Fulbright Morocco ‘22 navigating the Fes medina. Photo by Brian Ash
June 16, 2022
Alpine Academics, Medina Mayhem, and Elaine’s Birthday
by Brian Ash
One highlight of the day was our visit to the beautiful Swiss chalet-esque campus of Al Akhawayn International University in Ifrane. Aside from the sporadic “China Day” New Year dragon costumes, Wushu performances, a thoroughly delightful student tour guide, and a delicious make your own tagine buffet lunch, the focus was the history and architecture lecture by Dr. Said Ennahid on “The Essence of the Islamic City: Fes as Example”. As a history teacher I loved his style, he was thoroughly prepared and then once the lecture started he organically dipped and diverged on topics, academically side-stepped and shimmied, jumped from a historical timeline of Morocco to an architectural example, then he executed a quick side-google of a random topic one of the participants brought up. In the presentation we moved from the late 8th century with Idris I to the early 19th century with Lyautey’s Villes nouvelles. It was my type of lesson, covering 1000+ years of Moroccan history in an hour. It could not have been more perfect. Dr. Ennahid’s lecture reminded me of the way my HS classes inevitably go back home in CT, but his was just way more informed. Now, just like my own students, I have to find the articles I was supposed to read before the presentation to fill in the gaps in knowledge I should have had for those 1000+ years presented in his enlightened lecture.
The second highlight of the day was our Long March through the Fes medina. It was a sputtering, tripping, bumping, start and stop kind of affair that can drive a group mad. How many teachers need to take the same picture of an overly ornate horseshoe arch door? All of them. 45 minutes into the claustrophobic ancient urban trek, I was contemplating a mutiny, but then realized, like Theseus without a ball of string (thanks for this analogy, Mary Faye, my back of the bus bestie), there was no way I could find my way out of that prehistoric labyrinth without paying one of the Fes kids 100 MAD to guide me. As our collective lost souls were shepherded through the maze of passage ways, people, riads, cats, carts, twists and turns, dogs, mosques, low mounted chin level supports, bees, dars, dangling wires, errant soccer balls, tunnels, donkeys, workshops, and stalls, the medina became a fascinating carnival ride adventure. Around each turn was a new Moroccan revelation (and a new photo op). The thunderstorm added an nice slippery touch, too, just to keep it real. A much more fun and experiential way of approaching the medina with a group of myopic camera phone appendaged teachers would be for the guide to attach an Apple air tag to each Fulbright participant and then set them all free in middle of the medina with the task of finding the bus on their own. That would be fun. Just floating an idea for the next MACECE sponsored Fulbright program to visit Fes. First contestants out of the medina gets a bottle of water and bus ride back up the hill to the hotel. The rest can just fend for themselves. We could track stragglers on our phones and pick them up Saturday on the way out of Fes.

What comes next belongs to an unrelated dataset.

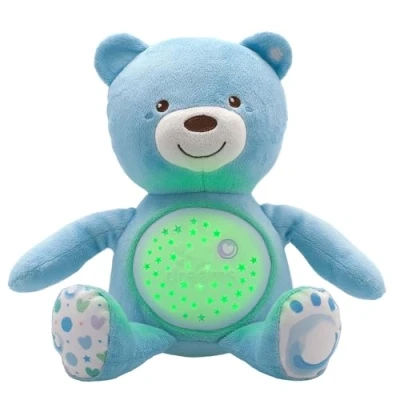 Image de Chicco First Dreams Baby Bear Ours en Peluche Musical, Veilleuse Lumineuse pour Bébés avec Effets Lumineux et Mélodies Relaxantes Jouets Bébé 0+ Mois Bleu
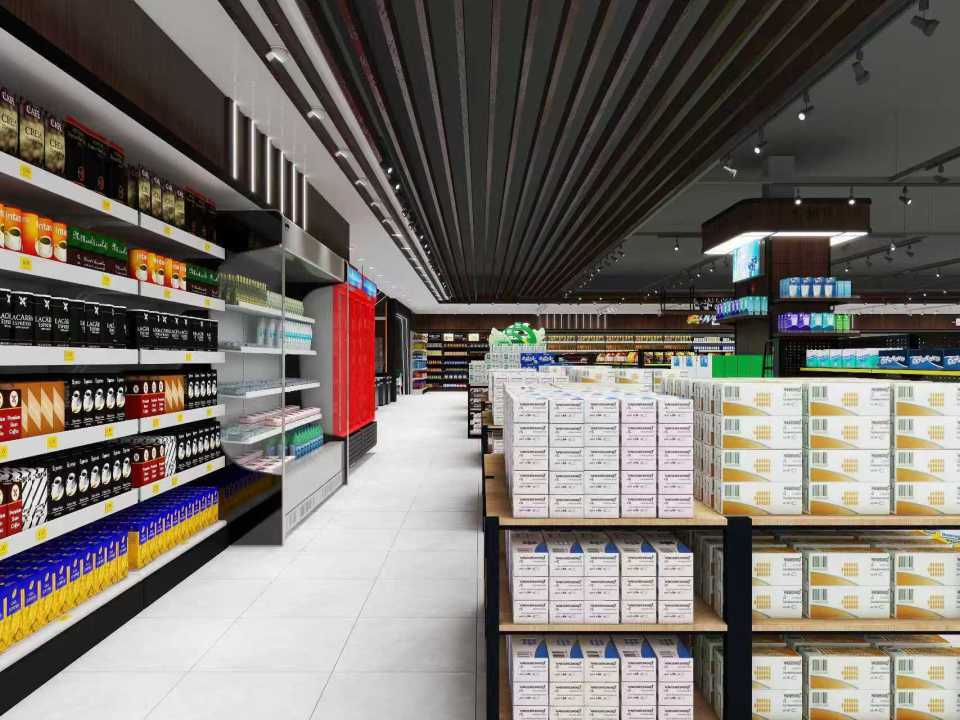 陜西超市裝修要點(diǎn)，陜西超市門(mén)店裝修施工，陜西生鮮超市裝修施工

All in all, the march through medina was a great experience. All the walking made me feel no guilt in eating a couple extra multi-layered cubes of love from the dessert buffet in honor of Elaine’s birthday. Side note on her birthday - I was in sight of the wait staff when our group started singing “Happy Birthday”. I witnessed utter panic on the faces of the waitstaff, who were enjoying a pretty relaxed vibe until they heard the first note. Once the Fulbright cacophony started, there was an terrible dashing, scrambling, and a general melee amongst the 4 servers, all of them scrummed around the check-in podium frantically opening and closing drawers and cabinets. Watching this, I thought, “What the heck are they doing?” Sometime at about the 2nd “you” of the song, a young waiter found his prize - a lone candle and a lighter. He emerged from the pile of servers and sprinted across the dining room, flicking sparks along the way until he finally lit the candle. He braked right behind Elsa, who was just about to deliver Elaine’s birthday plate of pastries, and he managed to get his lit candle into the top of one of the tiny birthday delicacies before it hit the table and the song ended, just in the nick of time. It was an amazing and a truly heroic effort to end the night perfectly and it highlights all the exceptional hospitality we’ve received from the Moroccan people on this trip.